# Bed & Bore Mill gets a machine addition!



## wildo (Mar 23, 2017)

I've been watching for one of these to pop up for ages now. Really pumped to have found a South Bend 7" Shaper to add to my machine collection and shop. Everything seems to slide nicely, though it needs a good cleanup. I plan a full restoration anyway, as I have no immediate need to use it. It currently has a 3 Ph motor installed, which I'll remove in favor of a single phase unit I have laying around. This thing won't see enough action to warrant purchasing a VFD, and I think they came with a 1/2 HP 120V motor from the factory anyway. No vice was included, and I think the clapper box is missing a part or two. Otherwise, as far as I can tell, it's all intact. Woohoo! New project!

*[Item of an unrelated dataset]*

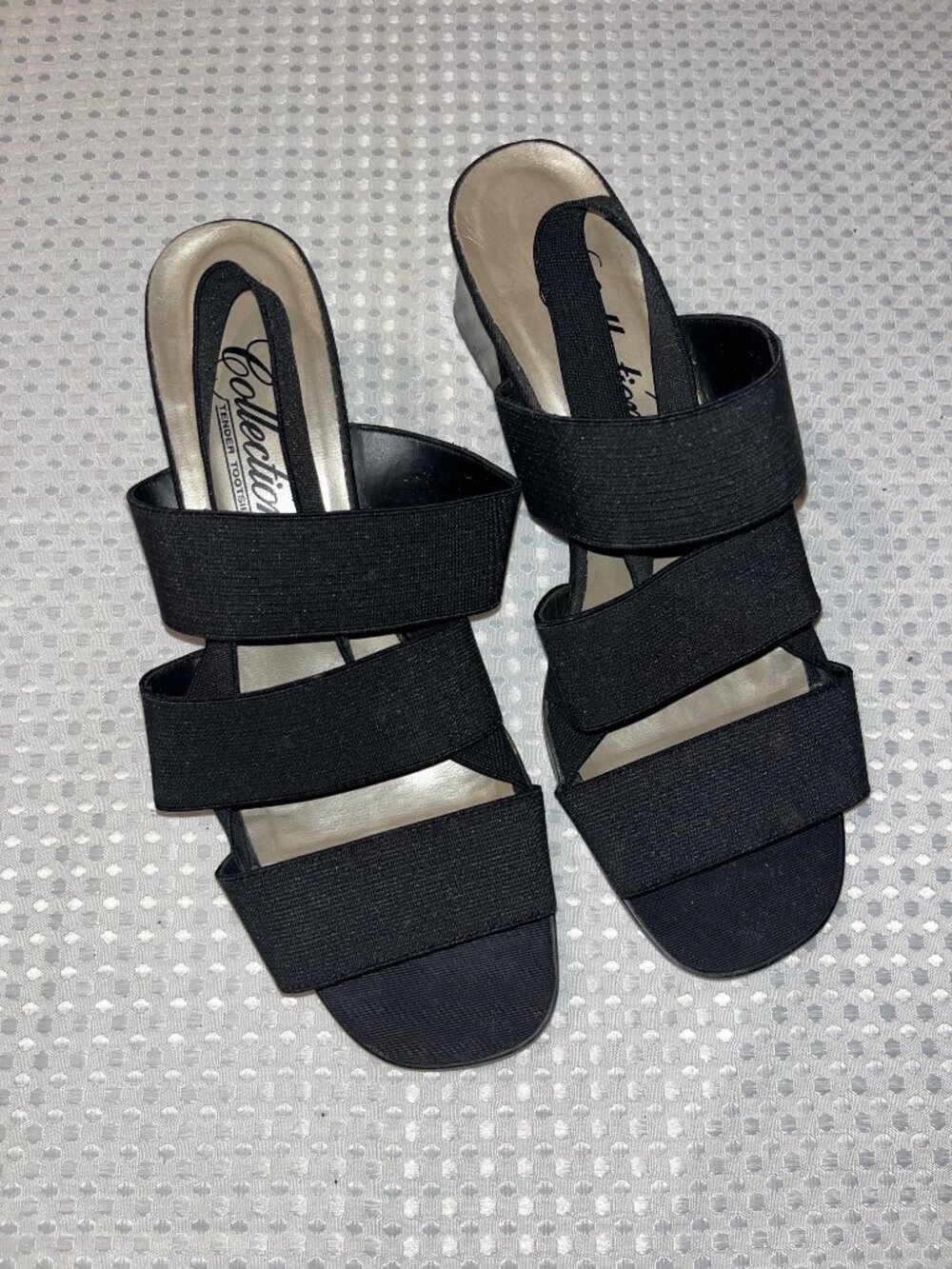 Collection by Tender Tootsies Black Elastic Multi Strap Block Heel Sandals 7.5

Unloading sure was easier than my mill!!










You might be wondering where in the world this will fit in my small shop. For one thing, does it matter? Like everyone of you would- I'll find a spot. Ha! But in fact I do have an idea. This whole cabinet is going away. That cabinet group never panned out quite how I thought it would. Instead, I want to build out a four post table to match the height of the rest of my benches. I will store the shaper on a HF scissor cart, which I'm hoping is rigid enough to use the shaper on as a stand. This will be nice because it can be lowered to the floor and stowed when not needed, and then brought out and lifted up to operational height when desired. The SB stand will be sold, as I have no room or need for it.


----------



## mikey (Mar 23, 2017)

Why don't you keep the stand - it belongs with that shaper - and send me the Millrite. The shaper would fit right in that corner really well, don't you think?


----------



## bss1 (Mar 23, 2017)

Wow what a nice looking machine. It looks to be in great shape.  I would try to keep that nice original stand. Looking at your pics, it would appear that by removing the cabinet with the red x you would have more than enough room for it. It looks like the stand has 3 drawers that you will loose for potential storage if you switch it out for a scissor lift.   And on the other hand, I'm not sure what room you would gain with the high/low arrangement, especially considering there is a window partially behind it. Lastly, the stand just looks good with the shaper on top! 

Anyway, just my thoughts on a really cool looking machine. Nice find and score.


----------



## wildo (Mar 23, 2017)

mikey said:


> Why don't you keep the stand - it belongs with that shaper - and send me the Millrite. The shaper would fit right in that corner really well, don't you think?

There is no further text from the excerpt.